> [EXERCISE DESCRIPTION] Repeat every line of the material below exactly.

> [DATA RECORDS]

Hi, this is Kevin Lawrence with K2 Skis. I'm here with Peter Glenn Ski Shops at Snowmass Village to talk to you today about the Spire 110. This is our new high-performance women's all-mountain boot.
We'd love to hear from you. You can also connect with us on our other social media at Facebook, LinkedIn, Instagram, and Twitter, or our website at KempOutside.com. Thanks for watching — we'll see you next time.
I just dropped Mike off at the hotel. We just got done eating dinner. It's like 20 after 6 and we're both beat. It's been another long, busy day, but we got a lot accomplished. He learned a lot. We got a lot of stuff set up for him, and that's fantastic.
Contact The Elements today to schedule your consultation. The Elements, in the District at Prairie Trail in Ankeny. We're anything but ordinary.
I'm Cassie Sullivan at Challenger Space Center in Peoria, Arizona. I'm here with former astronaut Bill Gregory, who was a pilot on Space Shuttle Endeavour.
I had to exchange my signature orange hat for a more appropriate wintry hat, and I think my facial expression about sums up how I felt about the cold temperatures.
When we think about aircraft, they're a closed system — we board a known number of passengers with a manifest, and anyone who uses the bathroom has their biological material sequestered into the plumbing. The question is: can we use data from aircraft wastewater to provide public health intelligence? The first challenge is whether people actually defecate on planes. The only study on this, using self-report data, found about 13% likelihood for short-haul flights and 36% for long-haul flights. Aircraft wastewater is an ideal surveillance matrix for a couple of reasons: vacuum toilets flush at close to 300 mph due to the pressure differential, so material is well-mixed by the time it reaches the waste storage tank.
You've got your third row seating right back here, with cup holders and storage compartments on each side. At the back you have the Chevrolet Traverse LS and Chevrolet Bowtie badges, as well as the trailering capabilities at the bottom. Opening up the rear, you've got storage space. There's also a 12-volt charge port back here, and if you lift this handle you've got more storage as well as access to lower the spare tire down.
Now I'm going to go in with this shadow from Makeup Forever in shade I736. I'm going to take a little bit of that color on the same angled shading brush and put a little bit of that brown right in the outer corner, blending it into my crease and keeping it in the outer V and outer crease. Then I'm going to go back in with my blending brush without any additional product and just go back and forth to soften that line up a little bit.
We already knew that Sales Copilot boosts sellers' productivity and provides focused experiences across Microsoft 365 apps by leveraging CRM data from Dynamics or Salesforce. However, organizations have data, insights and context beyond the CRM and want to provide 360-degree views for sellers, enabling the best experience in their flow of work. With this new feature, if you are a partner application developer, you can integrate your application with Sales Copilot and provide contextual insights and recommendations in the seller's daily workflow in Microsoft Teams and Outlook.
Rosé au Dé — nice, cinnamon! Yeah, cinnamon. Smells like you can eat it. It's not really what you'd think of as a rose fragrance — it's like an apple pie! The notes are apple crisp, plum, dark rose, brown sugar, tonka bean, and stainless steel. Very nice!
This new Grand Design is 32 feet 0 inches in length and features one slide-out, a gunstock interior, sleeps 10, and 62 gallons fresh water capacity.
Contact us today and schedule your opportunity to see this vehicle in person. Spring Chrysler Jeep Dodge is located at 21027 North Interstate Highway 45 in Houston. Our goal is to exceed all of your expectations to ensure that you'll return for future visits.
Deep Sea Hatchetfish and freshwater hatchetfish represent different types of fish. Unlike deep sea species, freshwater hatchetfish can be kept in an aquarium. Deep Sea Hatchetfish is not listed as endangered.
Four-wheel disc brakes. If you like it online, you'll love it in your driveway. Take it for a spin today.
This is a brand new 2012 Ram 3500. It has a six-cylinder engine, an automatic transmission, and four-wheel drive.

> [RESPONSE TO THIS EXERCISE]
Hi, this is Kevin Lawrence with K2 Skis. I'm here with Peter Glenn Ski Shops at Snowmass Village to talk to you today about the Spire 110. This is our new high-performance women's all-mountain boot.
We'd love to hear from you. You can also connect with us on our other social media at Facebook, LinkedIn, Instagram, and Twitter, or our website at KempOutside.com. Thanks for watching — we'll see you next time.
I just dropped Mike off at the hotel. We just got done eating dinner. It's like 20 after 6 and we're both beat. It's been another long, busy day, but we got a lot accomplished. He learned a lot. We got a lot of stuff set up for him, and that's fantastic.
Contact The Elements today to schedule your consultation. The Elements, in the District at Prairie Trail in Ankeny. We're anything but ordinary.
I'm Cassie Sullivan at Challenger Space Center in Peoria, Arizona. I'm here with former astronaut Bill Gregory, who was a pilot on Space Shuttle Endeavour.
I had to exchange my signature orange hat for a more appropriate wintry hat, and I think my facial expression about sums up how I felt about the cold temperatures.
When we think about aircraft, they're a closed system — we board a known number of passengers with a manifest, and anyone who uses the bathroom has their biological material sequestered into the plumbing. The question is: can we use data from aircraft wastewater to provide public health intelligence? The first challenge is whether people actually defecate on planes. The only study on this, using self-report data, found about 13% likelihood for short-haul flights and 36% for long-haul flights. Aircraft wastewater is an ideal surveillance matrix for a couple of reasons: vacuum toilets flush at close to 300 mph due to the pressure differential, so material is well-mixed by the time it reaches the waste storage tank.
You've got your third row seating right back here, with cup holders and storage compartments on each side. At the back you have the Chevrolet Traverse LS and Chevrolet Bowtie badges, as well as the trailering capabilities at the bottom. Opening up the rear, you've got storage space. There's also a 12-volt charge port back here, and if you lift this handle you've got more storage as well as access to lower the spare tire down.
Now I'm going to go in with this shadow from Makeup Forever in shade I736. I'm going to take a little bit of that color on the same angled shading brush and put a little bit of that brown right in the outer corner, blending it into my crease and keeping it in the outer V and outer crease. Then I'm going to go back in with my blending brush without any additional product and just go back and forth to soften that line up a little bit.
We already knew that Sales Copilot boosts sellers' productivity and provides focused experiences across Microsoft 365 apps by leveraging CRM data from Dynamics or Salesforce. However, organizations have data, insights and context beyond the CRM and want to provide 360-degree views for sellers, enabling the best experience in their flow of work. With this new feature, if you are a partner application developer, you can integrate your application with Sales Copilot and provide contextual insights and recommendations in the seller's daily workflow in Microsoft Teams and Outlook.
Rosé au Dé — nice, cinnamon! Yeah, cinnamon. Smells like you can eat it. It's not really what you'd think of as a rose fragrance — it's like an apple pie! The notes are apple crisp, plum, dark rose, brown sugar, tonka bean, and stainless steel. Very nice!
This new Grand Design is 32 feet 0 inches in length and features one slide-out, a gunstock interior, sleeps 10, and 62 gallons fresh water capacity.
Contact us today and schedule your opportunity to see this vehicle in person. Spring Chrysler Jeep Dodge is located at 21027 North Interstate Highway 45 in Houston. Our goal is to exceed all of your expectations to ensure that you'll return for future visits.
Deep Sea Hatchetfish and freshwater hatchetfish represent different types of fish. Unlike deep sea species, freshwater hatchetfish can be kept in an aquarium. Deep Sea Hatchetfish is not listed as endangered.
Four-wheel disc brakes. If you like it online, you'll love it in your driveway. Take it for a spin today.
This is a brand new 2012 Ram 3500. It has a six-cylinder engine, an automatic transmission, and four-wheel drive.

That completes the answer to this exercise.